Linkage studies have identified a region of chromosome 15q13-q14 that is inherited in subjects with the P50 deficit and with schizophrenia. We previously published a preliminary YAC contig of this region on chromosome 15 that is linked to schizophrenia.46 Because of the partial duplication of CHRNA7, further physical mapping was performed to determine which sequences were and which were not duplicated. The contig now includes multiple bacterial artificial chromosomes and map locations for additional expressed sequence tags and markers (Figure 1). The region is defined by 30 markers and is estimated to be about 4 Mb. The full-length CHRNA7 gene, implicated in the P50 deficit in schizophrenia, is localized at this site between unique markers D15S1013 and D15S1010. Mapping of α7 exons showed that exons 5 to 10 of CHRNA7 had been duplicated, along with a large cassette of DNA containing several other genes, and inserted proximal to the full-length gene. The insertion occurred next to novel exons D-C-B-A, with which the duplicated α7 exons are expressed as messenger RNA (dupCHRNA7; GenBank Accession No. AF029838).46 The novel dupCHRNA7 transcript is found in multiple tissues, including human brain and blood leukocytes, although its function is not yet known.
We have since determined that exons D-C-B-A are also duplicated and expressed with downstream sequences that are not α7 (GenBank Accession No. AA861176). A copy of these novel exons also maps on chromosome 3 by hybrid clone panel analysis (not shown). We hypothesize that exons D-C-B-A, contained in clone AA861176, were duplicated at least once on chromosome 15 with one insertion site near the dinucleotide repeat (D15S1043)before the partial duplication of the CHRNA7 gene. Ultimately, the large cassette containing α7 exons 5 to 10, dinucleotide repeat L76630, and expressed sequence tag WI13983 was duplicated and inserted proximally, interrupting the duplication of AA861176. Additional analysis of exons D-C-B-A indicated that exon D contains2 exons and an intervening sequence. We have designated these 2 newly defined exons as D′ (proximal) and D (distal). The unique DNA sequence between the full-length CHRNA7 gene and dupCHRNA7 is approximately 1 Mb and contains a large number of mapped expressed sequence tags and markers. The site of the marker D15S1360, isolated from a YAC containing CHRNA7, has been more precisely mapped to intron 2, by means of the sequence available from the National Human Genome Research Institute draft sequence (bacterial artificial chromosomes 717i24 and 198g2; Figure 1). The D15S1360 repeat has been used extensively for genotyping of both schizophrenic patients and controls in the laboratory; only 2 alleles were ever observed in any one individual. Furthermore, the promoter and exons 1 to 4 of the full-length α7 gene were found only in bacterial artificial chromosomes and P1 artificial chromosomes containing D15S1360, all of which map between D15S1031 and D15S1040. We therefore conclude that the region 5′ of exon 4, containing the promoter region of the full-length α7 gene, is not duplicated.

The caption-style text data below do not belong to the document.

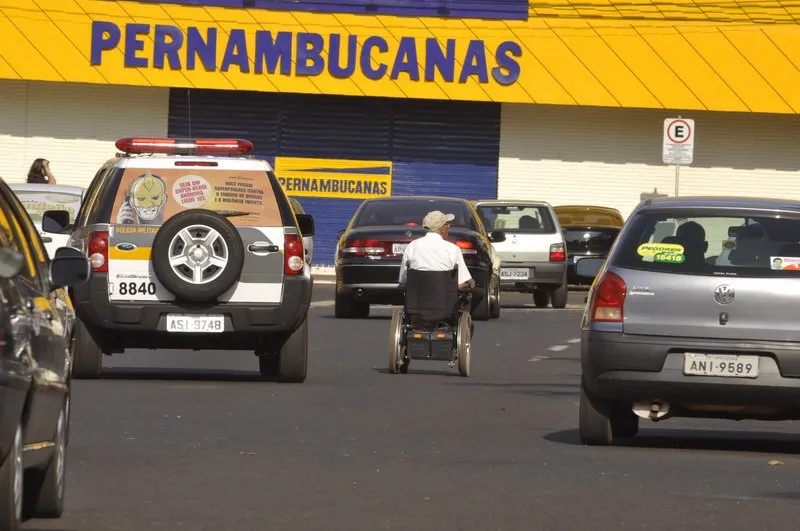 Cadeirante divide espaço com veículos no centro de Apucarana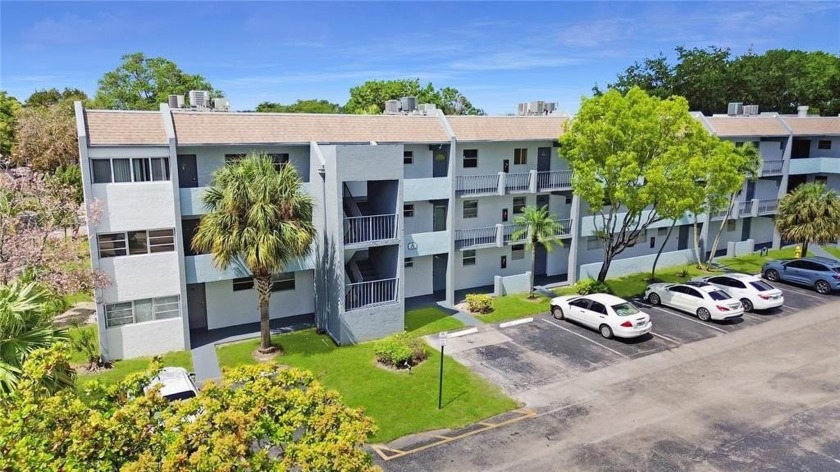 This Charming turnkey spacious 2-bedroom, 2-bath condo is - Beach Condo for sale in Fort Lauderdale, Florida on Beachhouse.com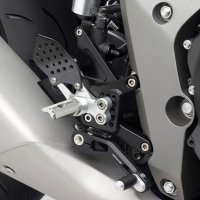 Estriberas regulables Honda CB1000R 08- modelo REV Rizoma Â· 2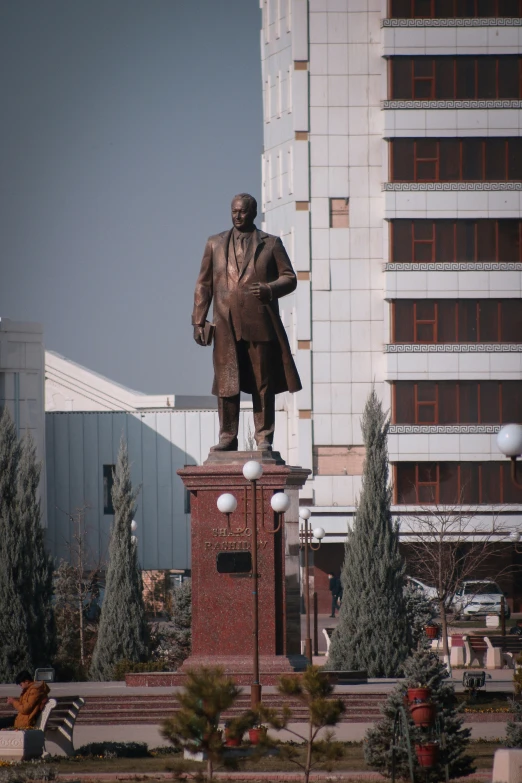 the bronze statue of aham lincoln sits near an office building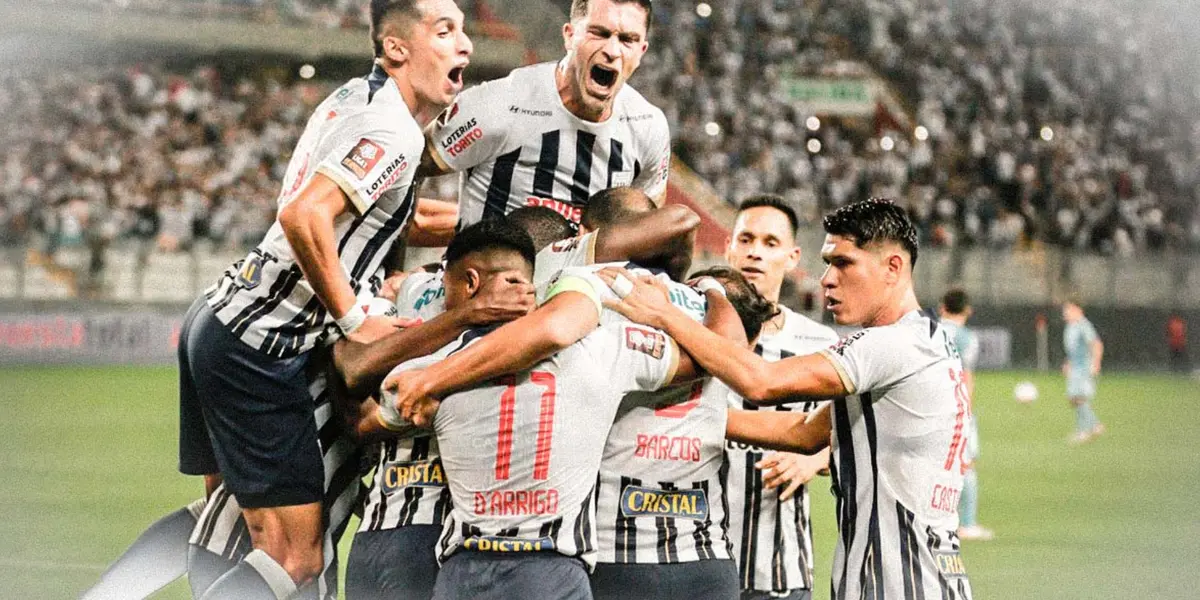 Alianza Lima celebrando el gol ante Sporting Cristal en el Apertura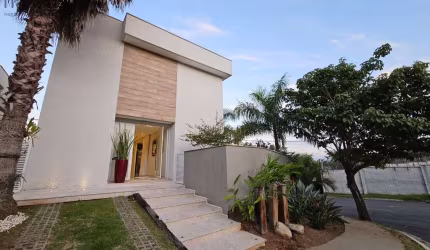 Bella Città - Casa no Condomínio Bella Città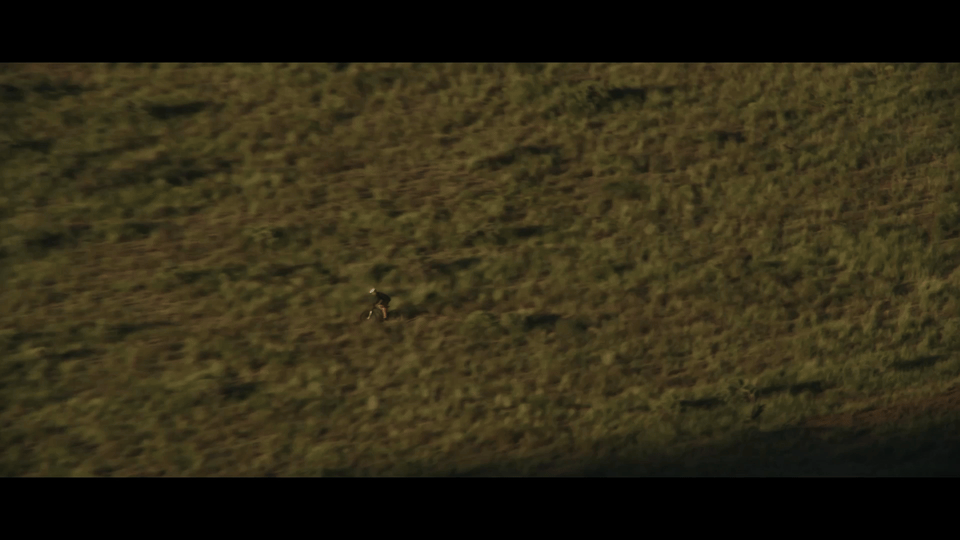 bloom-clip-1m36s-1m38s.gif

The α7 gene cluster in the 15q13-q14 linkage region was selected as the most likely candidate gene group for mutation studies, based on inclusion of the linkage marker D15S1360 within intron 2 of the full-length nAChRα7 gene and the neurobiological evidence described previously that is consistent with diminished α7 expression or function. Because nonsynonymous changes in the coding region were rare and not associated with schizophrenia, attention turned to the promoter region of the gene.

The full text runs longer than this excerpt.